_Your objective:_
Write out each entry below exactly. Do not include the images.

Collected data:
*** Block opens ***

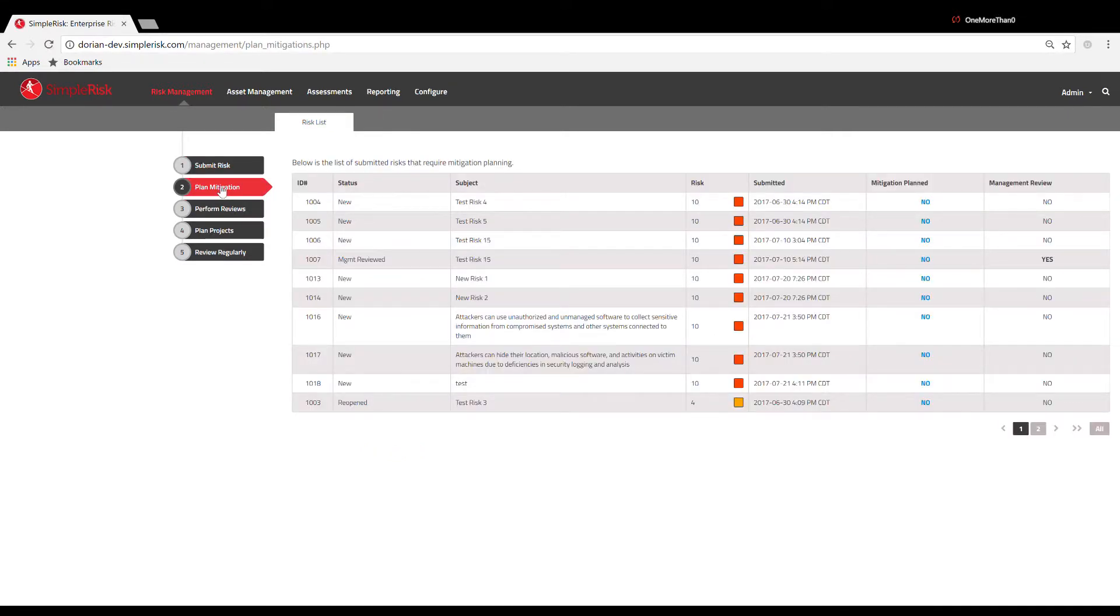In the Plan Mitigation panel, you will see all risks assigned to teams you are either a part of or otherwise have access to.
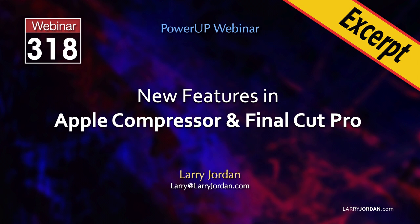This is an excerpt of a recent Power Up webinar showcasing the new features in Apple Compressor and Final Cut Pro. Hi, my name is Larry Jordan. In this short video tutorial, I'll show you how to find missing media, including proxies, using a new search feature in Apple Final Cut Pro.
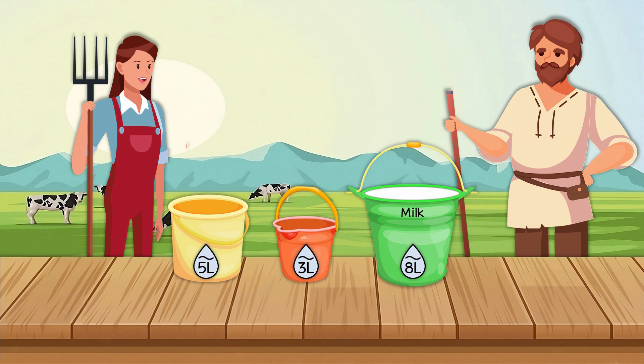If you want to solve this riddle yourself, you can pause the video and think about it more. But if you're curious to know how two farmers should divide the milk, we will solve this riddle in a few seconds.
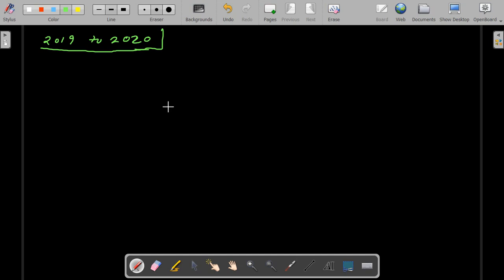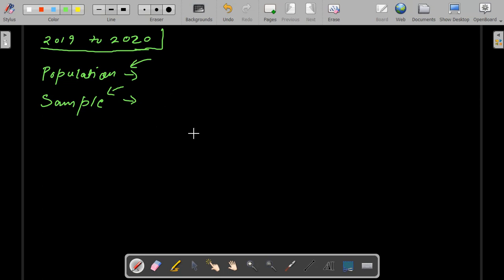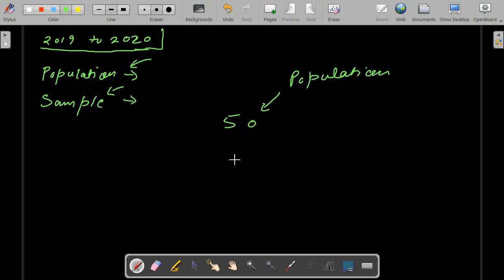Now there are two terms involved: first is population and the second term is sample. When you are measuring the average salary of all the employees in that company, then that is population. And when you are taking a part of those employees — selecting some employees and calculating their averages — then that is called a sample. Suppose you have 50 employees in a company; that is your population. And out of those 50, if you take 10 people to check whether their average salary has increased, that selection is called a sample.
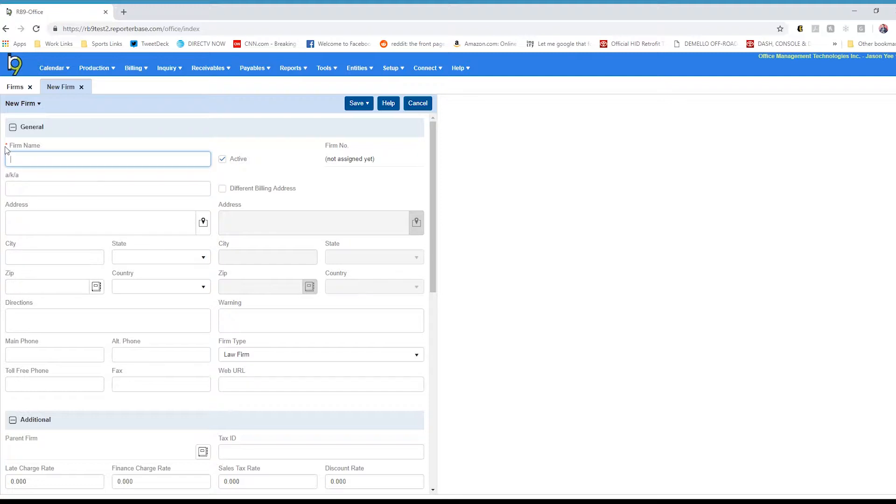You can see the only real required field is the firm name. You can always put the firm name in, and if you're setting it up quickly, you can save it and come back in later on and actually set the data.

*** Block closes ***

_Finished exercise:_
In the Plan Mitigation panel, you will see all risks assigned to teams you are either a part of or otherwise have access to.
This is an excerpt of a recent Power Up webinar showcasing the new features in Apple Compressor and Final Cut Pro. Hi, my name is Larry Jordan. In this short video tutorial, I'll show you how to find missing media, including proxies, using a new search feature in Apple Final Cut Pro.
If you want to solve this riddle yourself, you can pause the video and think about it more. But if you're curious to know how two farmers should divide the milk, we will solve this riddle in a few seconds.
Now there are two terms involved: first is population and the second term is sample. When you are measuring the average salary of all the employees in that company, then that is population. And when you are taking a part of those employees — selecting some employees and calculating their averages — then that is called a sample. Suppose you have 50 employees in a company; that is your population. And out of those 50, if you take 10 people to check whether their average salary has increased, that selection is called a sample.
You can see the only real required field is the firm name. You can always put the firm name in, and if you're setting it up quickly, you can save it and come back in later on and actually set the data.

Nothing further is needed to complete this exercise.